§ COLLECTED DATA
- - - - -
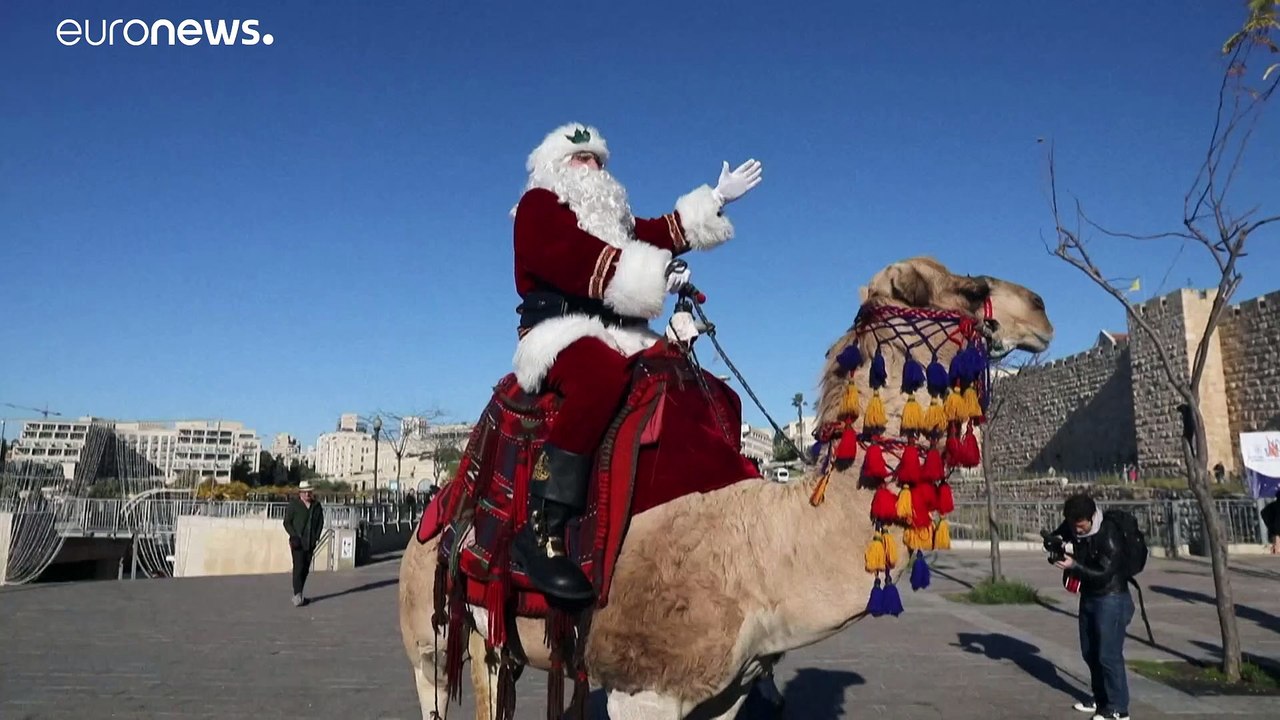 Geschenke bringt der Weichnachtsmann - auf dem Kamel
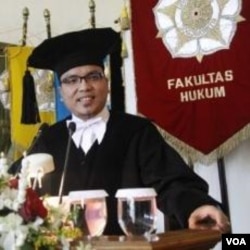 Denny Indrayana memberikan pidato pada pengukuhannya sebagai Guru Besar Hukum Tata Negara di UGM Yogyakarta (6/2).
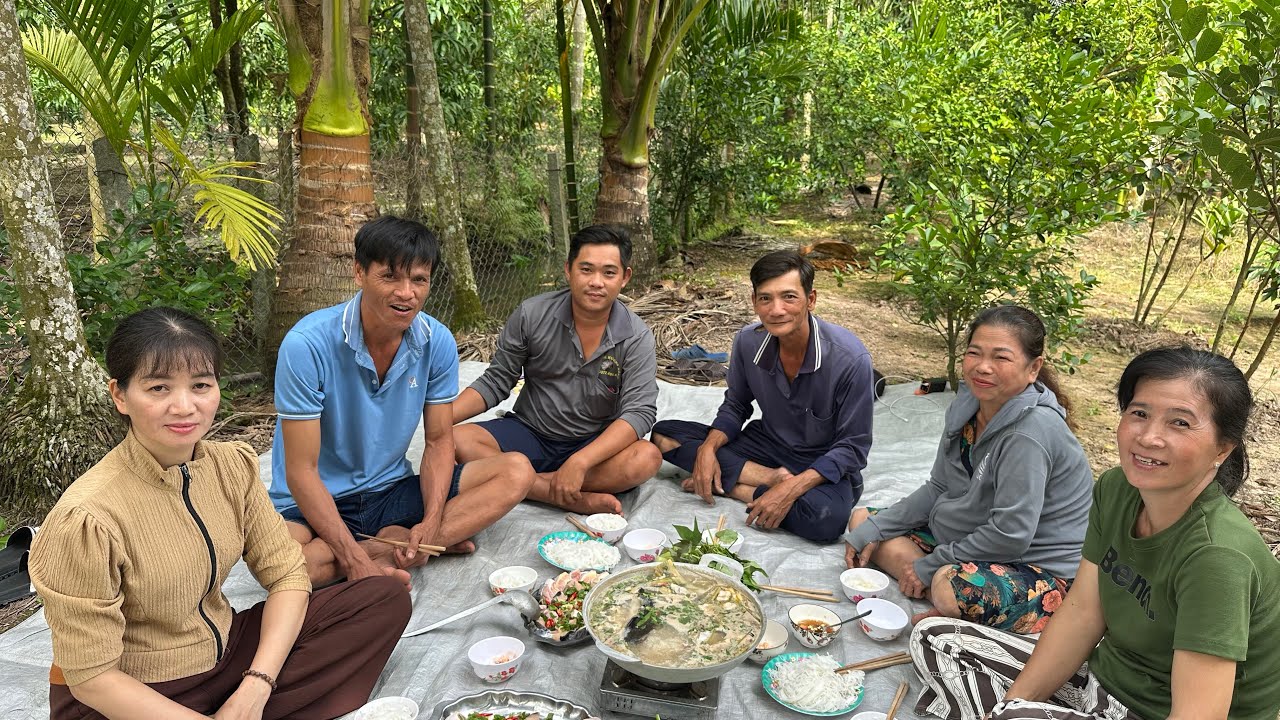 Cả tem náo loạn vây bắt con cá khủng này / trúng đậm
- - - - -
§ WHAT TO PRODUCE
Print the material above word for word, and keep the pictures out of it.

§ EXERCISE RESPONSE
 Geschenke bringt der Weichnachtsmann - auf dem Kamel
 Denny Indrayana memberikan pidato pada pengukuhannya sebagai Guru Besar Hukum Tata Negara di UGM Yogyakarta (6/2).
 Cả tem náo loạn vây bắt con cá khủng này / trúng đậm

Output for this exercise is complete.